Review: Bad Moms
Bad Moms has three jokes going for it, but at least these three jokes are funny, and repeatedly so, which makes them bearable.
Joke #1: The three female protagonists, the titular Bad Moms (Kristen Bell, Kathryn Hahn and Mila Kunis) do their version of “bad” things, (such as invade a grocery store), set to a pop song and shot in slow motion. This sequence is repeated quite a few times throughout the film, and yet is funny because they are women, not men, and because their transgressions are not very transgressive, (the scenes feel very redolent of The Hangover, unsurprisingly so).
Joke #2: Kathryn Hahn says something filthy in a completely straightforward way. Surely there were a lot of ruined takes, and outtakes from the film will be filled with crack-ups. However, the film is a comedy (ostensibly), and other than Hahn and Annie Mumulo, none of the leads are comedic actresses (Bell, Jada Pinkett Smith, Christina Applegate, and especially the main lead Kunis are funny “in theory”, but in practice the main leads just are not that funny, which makes Hahn stand out even more (again, this parallels The Hangover, which divided comedic Ed Helms, Ken Jeong and Zach Galafanakis with the non-comic Bradley Cooper and Justin Bartha, left on a rooftop for much of the first film).
Joke #3: Kunis works at a start-up (a coffee company), and most of the employees, especially her boss Dale (Clark Duke), are not only younger than her, but she is the only adult working at the place, as the others are man and woman-children, (definitely shades of The Hangover).
The fact that writer-directors Jon Lucas and Scott Moore created the Hangover films (and The Change-Up) before focusing on the plight of the Mom should come as little surprise. This film too is stuffed with surprise cameos and super easy targets and yet somehow feels a little like Mean Girls as well.

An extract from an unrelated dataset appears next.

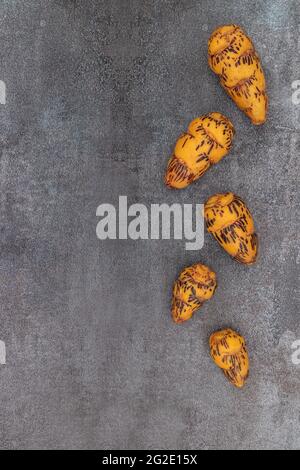 Oca, tubero utilizzato nella cucina peruviana e le Ande americane Foto Stock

Essentially, when Bad Moms is trying to be funny, it’s funny. When it’s trying to be poignant, it’s less effective. The less said about Kunis’s Amy and her relationship with her husband Mike (David Walton), the better. In fact, every scene in which Kunis is trying to be pathetic is simply unbelievable because she is far too young and eye-catching to be out of touch and frumpy. The film at its most artificial simply seems artificial and needs to stick with the funny, (there is a poignant mid-credit sequence, but it’s mainly free of artifice).
Tonally, Bad Moms is back and forth, (and does not really establish if being a Bad Mom is the right thing to do or not). But in the end, it doesn’t really matter as long as the moral is to notice, cherish and celebrate our mothers.